Like many writers, however, every experience, no matter how dramatic or mundane, can translate into your stories. Years ago I worked in retail, and I can remember how my calves ached from standing on concrete floors for 10 hours a day. That will definitely make it into a book. I also worked at the Maritime Museum of the Atlantic many moons ago, and maybe I’ll use my familiarity with the CSS Acadia or the RobertsonStore to inspire a setting.  I was in the Army Reserves for a few years, and maybe one day I’ll draw on my experience being tear-gassed or throwing a grenade or being on a field exercise for a week to translate to an experience where a character is bone wearily tired, in a riot, is publicly set down showing up for work in a wrinkled garment, or handling something potentially lethal.  All of it goes in the writing well.

When I go on vacation, we often go to historical re-enactment parks, and when I watch TV, it’s often historical or otherwise fantastical. I am a Jane Austen freak. If it involves chain mail, muslin, muskets or a shift, I’m there.  My undergrad is in history, and I’ve never lost my love of it, and it finds my way into what I write.  Contemporary is where I live...historical is where I want to visit, and my writing takes me there.

I read to escape. I write to escape. And I’m quite happy to keep the spheres of my life – the writing and the day job – as separate as I can. My life long ambition—which I think I probably first articulated when I was in my 20’s – is to write novels in the morning and make jam in the afternoon.

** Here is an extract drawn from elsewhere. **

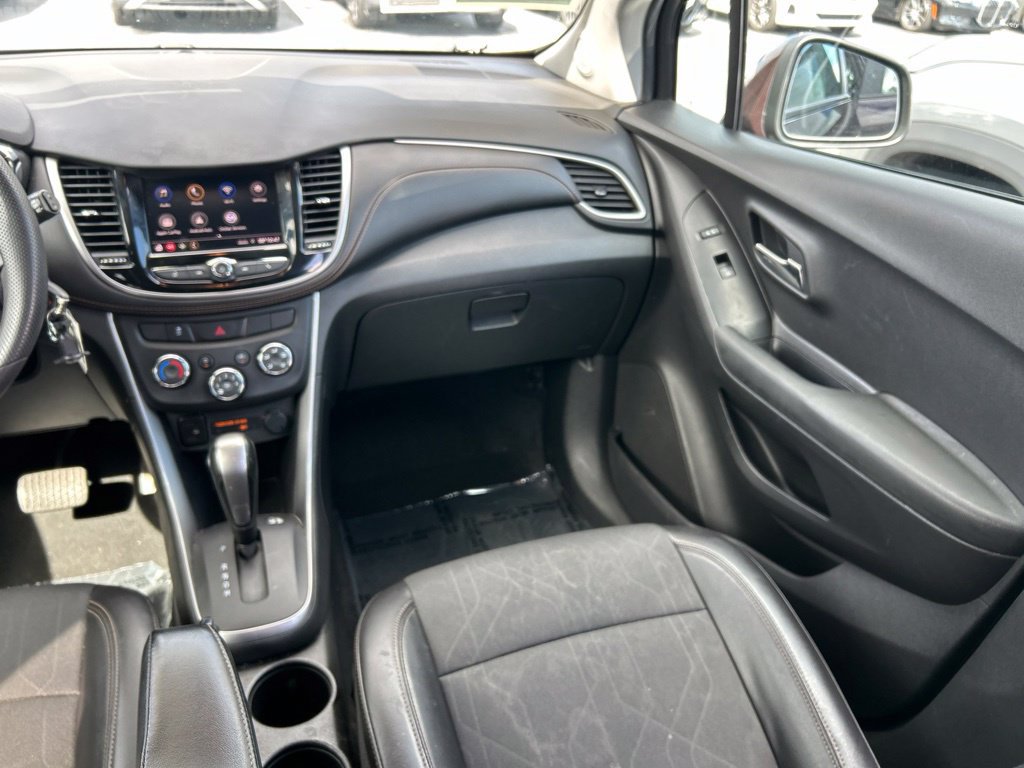 Used 2022 Chevrolet Trax LT AWD/4WD image 12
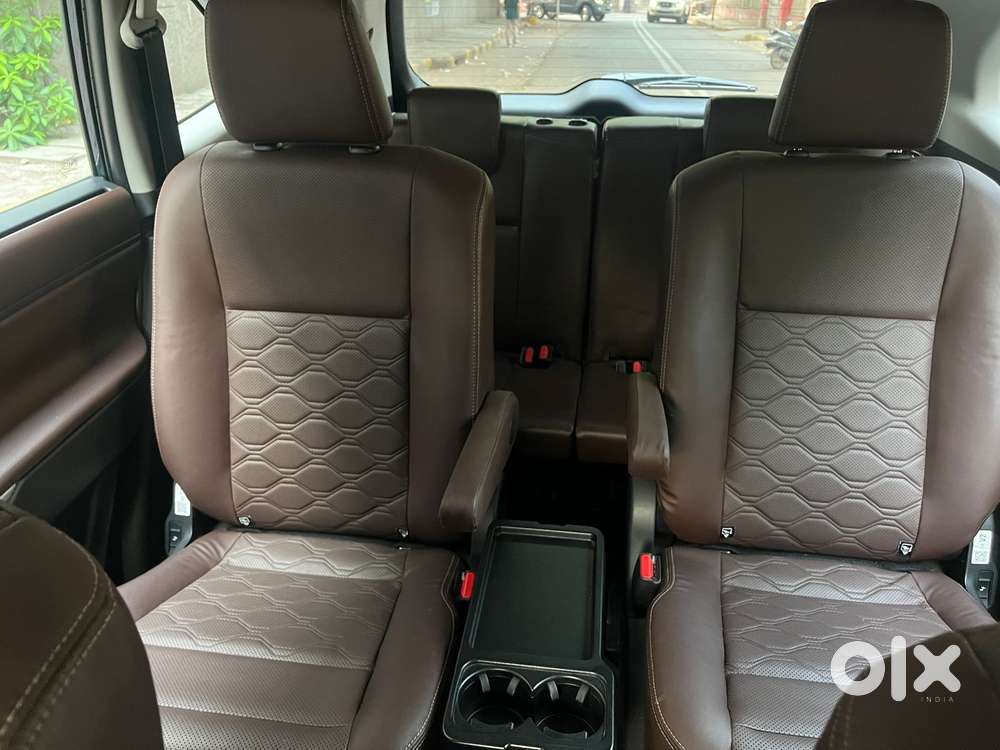 Toyota Innova Hycross 2.0 Zx (o) Hybrid 7 Str, 2024, Petrol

When that happens, and my day job is my writing life...then those spheres will happily collide. 

Who knows? Maybe then I'll write a book about a librarian. :)

Michelle Helliwell is a health sciences librarian extraordinaire, lego video game wizard, and historical romance writer. She blogs regularly at her website, is exploring tumblr, and pins often but seems to be getting that under control. You can see some of her day job pins here. 


  1. Didn't realize what a modern day librarian did. Also good to see that just like me you live in parallel worlds--your real life and your writing life.

  2. thank you for raising the concept that librarians are in places we'd never think about. I have a daughter who is a community outreach librarian and I'm amazed at the events she's involved in. It is about information and getting it into the right hands as well as providing access to good stories. And interesting to hear that your "get away" involves history and story and is a parallel universe for you as writing is for many especially in the beginning.